▶ [RAW DATA]
_ _ _ _ _ _ _
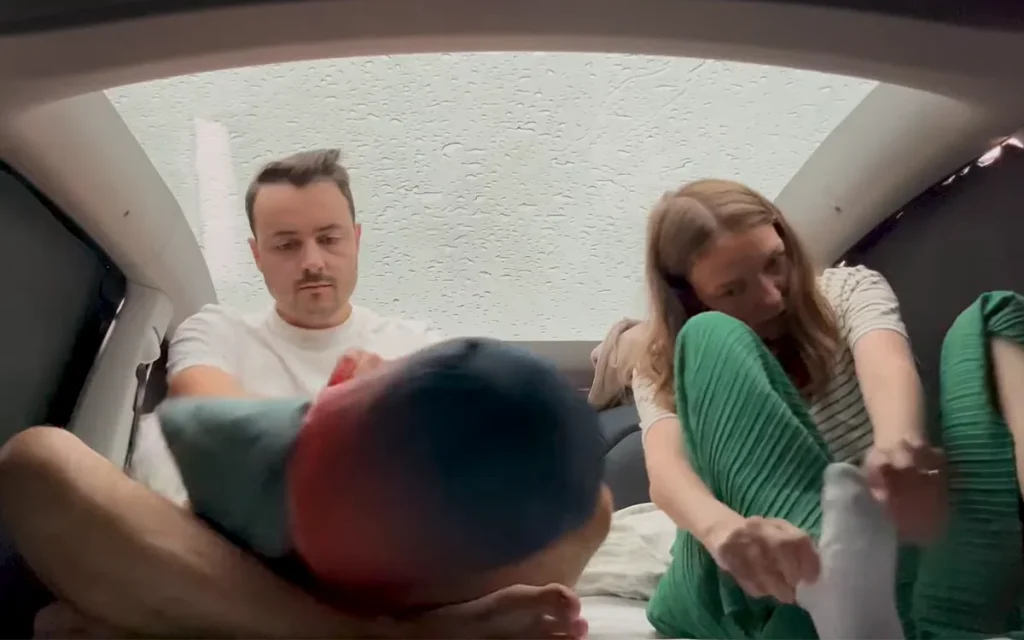 Meet Ryan and Rebecca - aka The Greenes - who swapped their honeymoon plans for a camping road trip through Europe in the comfort of a Tesla Model Y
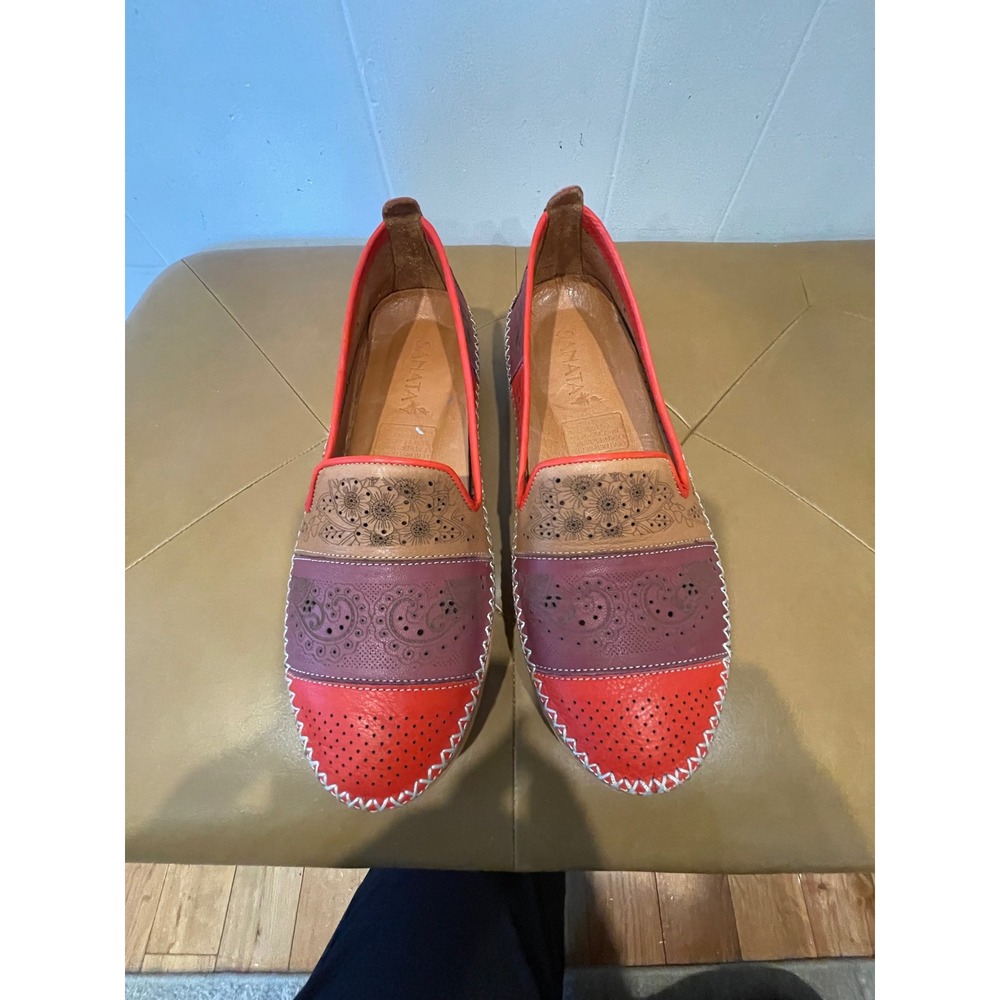 Sanata‎ Leather Boho Slip On Loafers Comfort Shoes Colorful Womens Size 40 US 9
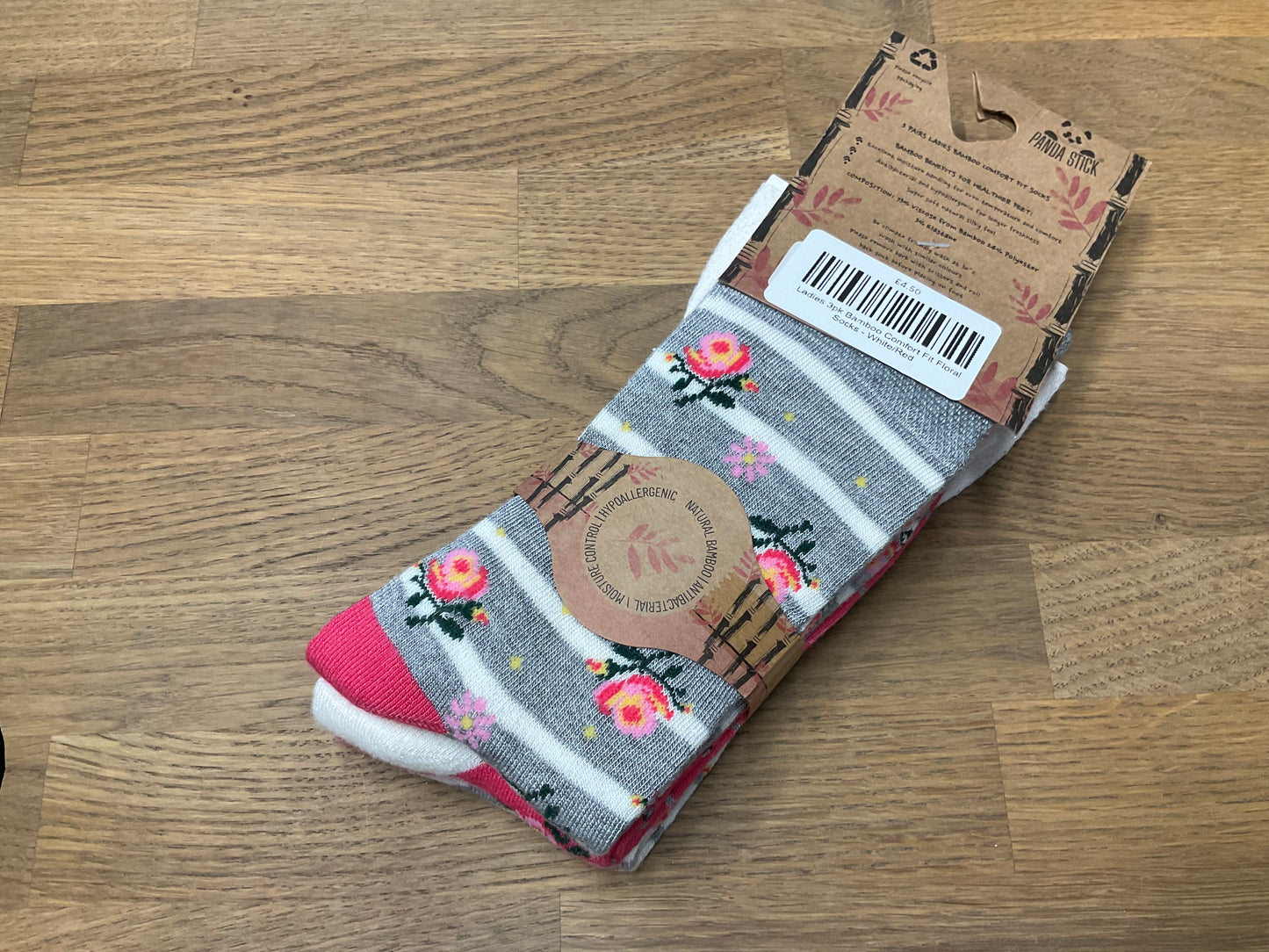 Ladies 3pk Bamboo Comfort Fit Floral Socks - White/Red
_ _ _ _ _ _ _
▶ [WHAT NEEDS TO BE DONE]
The lines wanted run from the first one in the material above through the line containing "Sanata‎ Leather Boho"; give them again exactly, leaving out the pictures.

▶ [REPLY TO THE EXERCISE]
 Meet Ryan and Rebecca - aka The Greenes - who swapped their honeymoon plans for a camping road trip through Europe in the comfort of a Tesla Model Y
 Sanata‎ Leather Boho Slip On Loafers Comfort Shoes Colorful Womens Size 40 US 9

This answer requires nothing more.